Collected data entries
==================================================

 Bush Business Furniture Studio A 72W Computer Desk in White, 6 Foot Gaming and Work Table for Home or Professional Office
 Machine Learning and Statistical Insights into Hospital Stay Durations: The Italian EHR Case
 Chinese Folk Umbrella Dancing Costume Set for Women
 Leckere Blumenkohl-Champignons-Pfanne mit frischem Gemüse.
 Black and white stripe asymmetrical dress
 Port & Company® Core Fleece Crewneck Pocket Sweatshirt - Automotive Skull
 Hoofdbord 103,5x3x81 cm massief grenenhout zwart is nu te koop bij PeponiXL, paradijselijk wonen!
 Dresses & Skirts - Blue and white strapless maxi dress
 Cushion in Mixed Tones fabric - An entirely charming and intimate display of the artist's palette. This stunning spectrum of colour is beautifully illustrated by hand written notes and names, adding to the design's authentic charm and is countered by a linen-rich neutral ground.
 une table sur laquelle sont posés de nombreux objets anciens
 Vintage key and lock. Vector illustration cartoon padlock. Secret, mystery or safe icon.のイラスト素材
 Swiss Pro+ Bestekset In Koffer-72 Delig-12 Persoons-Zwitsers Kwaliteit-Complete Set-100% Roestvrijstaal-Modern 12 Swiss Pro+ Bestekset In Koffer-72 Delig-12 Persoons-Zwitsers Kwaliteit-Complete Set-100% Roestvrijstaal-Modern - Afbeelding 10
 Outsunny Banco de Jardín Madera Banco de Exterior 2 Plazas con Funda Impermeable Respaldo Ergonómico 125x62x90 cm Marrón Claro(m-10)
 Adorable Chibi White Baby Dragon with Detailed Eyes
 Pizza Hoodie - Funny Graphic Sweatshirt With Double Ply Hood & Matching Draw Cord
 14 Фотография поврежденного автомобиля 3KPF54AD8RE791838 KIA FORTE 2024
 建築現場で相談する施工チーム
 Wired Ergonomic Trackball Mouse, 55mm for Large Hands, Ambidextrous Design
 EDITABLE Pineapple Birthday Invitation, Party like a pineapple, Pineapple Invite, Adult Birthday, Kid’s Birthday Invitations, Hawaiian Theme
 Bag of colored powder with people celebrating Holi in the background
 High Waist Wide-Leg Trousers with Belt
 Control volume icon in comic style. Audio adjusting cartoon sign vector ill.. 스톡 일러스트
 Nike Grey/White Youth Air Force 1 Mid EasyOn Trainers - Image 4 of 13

==================================================

About this exercise
For every line above that holds the word "dress", report the whole line.

Reply to the exercise
 Black and white stripe asymmetrical dress
 Dresses & Skirts - Blue and white strapless maxi dress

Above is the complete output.